COMMANDER TAZEWELL and the midshipmen dined that evening with Mr. Lee and his daughters.
“The evidence is all in, commander,” the American consul said as the party sought the cool sea breeze on the “lanai,”[24] facing the harbor. “The chief justice will probably render his decision in the morning.”
Tazewell expressed his gratification.
“And the Herzovinian consul?” he asked. “Does he still refuse to help to prevent a war?”
Mr. Lee’s face became grave.
“The three consuls held a meeting this afternoon after you had gone,” he said in reply. “The English consul and I unconditionally agreed to support the judge’s choice. Mr. Carlson seemed ill at ease. He could not be made to give a direct answer on any question, and all of a sudden he declared he had an important engagement and bolted from the room. We saw that he was under a serious mental strain.”
“I see,” Commander Tazewell said quietly. “Have you an idea what the decision will be?” he asked.
Mr.

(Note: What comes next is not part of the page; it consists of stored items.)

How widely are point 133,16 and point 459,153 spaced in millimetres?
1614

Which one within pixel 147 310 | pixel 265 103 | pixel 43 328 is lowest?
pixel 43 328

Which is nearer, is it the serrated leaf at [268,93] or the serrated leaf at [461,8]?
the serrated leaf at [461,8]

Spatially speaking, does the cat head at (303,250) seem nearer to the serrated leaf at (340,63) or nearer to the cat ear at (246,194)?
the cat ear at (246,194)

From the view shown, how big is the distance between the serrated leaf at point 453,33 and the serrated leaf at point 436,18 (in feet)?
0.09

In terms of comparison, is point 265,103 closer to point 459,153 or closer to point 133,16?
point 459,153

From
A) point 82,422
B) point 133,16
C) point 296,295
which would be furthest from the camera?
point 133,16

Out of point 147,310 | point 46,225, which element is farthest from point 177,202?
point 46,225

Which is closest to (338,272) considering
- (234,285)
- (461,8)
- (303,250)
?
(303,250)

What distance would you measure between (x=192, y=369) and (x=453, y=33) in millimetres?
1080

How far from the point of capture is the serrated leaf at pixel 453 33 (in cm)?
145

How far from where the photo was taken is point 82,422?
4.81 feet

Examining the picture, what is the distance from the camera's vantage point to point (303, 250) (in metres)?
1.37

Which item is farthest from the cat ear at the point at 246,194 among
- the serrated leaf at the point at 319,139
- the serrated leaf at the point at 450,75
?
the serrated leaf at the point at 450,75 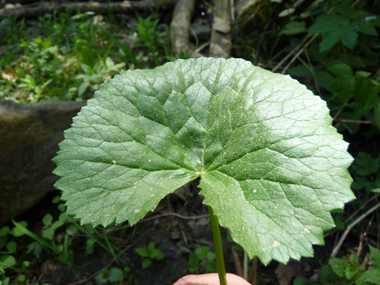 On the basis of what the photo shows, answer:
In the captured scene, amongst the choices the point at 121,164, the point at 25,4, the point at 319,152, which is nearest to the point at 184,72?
the point at 121,164

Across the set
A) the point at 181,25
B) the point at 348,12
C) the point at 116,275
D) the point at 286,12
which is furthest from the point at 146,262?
the point at 181,25

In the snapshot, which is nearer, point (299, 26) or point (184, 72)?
point (184, 72)

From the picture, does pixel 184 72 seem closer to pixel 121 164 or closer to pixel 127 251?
pixel 121 164

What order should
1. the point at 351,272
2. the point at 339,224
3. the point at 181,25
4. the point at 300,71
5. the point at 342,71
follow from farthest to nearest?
the point at 181,25, the point at 300,71, the point at 339,224, the point at 342,71, the point at 351,272

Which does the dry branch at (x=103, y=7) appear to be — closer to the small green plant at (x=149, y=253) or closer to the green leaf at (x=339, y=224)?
the small green plant at (x=149, y=253)

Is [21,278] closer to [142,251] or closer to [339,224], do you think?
[142,251]

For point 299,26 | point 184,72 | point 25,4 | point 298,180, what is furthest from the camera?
point 25,4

Lee remained silently in thought for a moment. “Personally no, but my confidants among the natives all say Judge Lindsay is against Kataafa. I know the judge to be an honorable and unbiased man,” he added in defense of his friend. “That we Americans are inclined in our sympathies for Panu would have no influence with him at all. This unimpeachable testimony of the demand made some years ago by Herzovinia and Kataafa’s recent discourtesy to the court in keeping the judge waiting, besides practically refusing to agree to abide by the judge’s decision, may influence a judgment against him.”
“Then Carlson must have received instructions to uphold the judge’s decision, only in case it is favorable to Kataafa,” the commander said. “Now that it appears to be going against him, he refuses to stand with you and your British colleague.”
Mr. Lee nodded his head. “That seems to be the one possible solution.”
Commander Tazewell had given the consul that morning a full account of the “Talofa.” Now he brought up the subject of the meeting of the Panu warriors and their “tonga-fiti.”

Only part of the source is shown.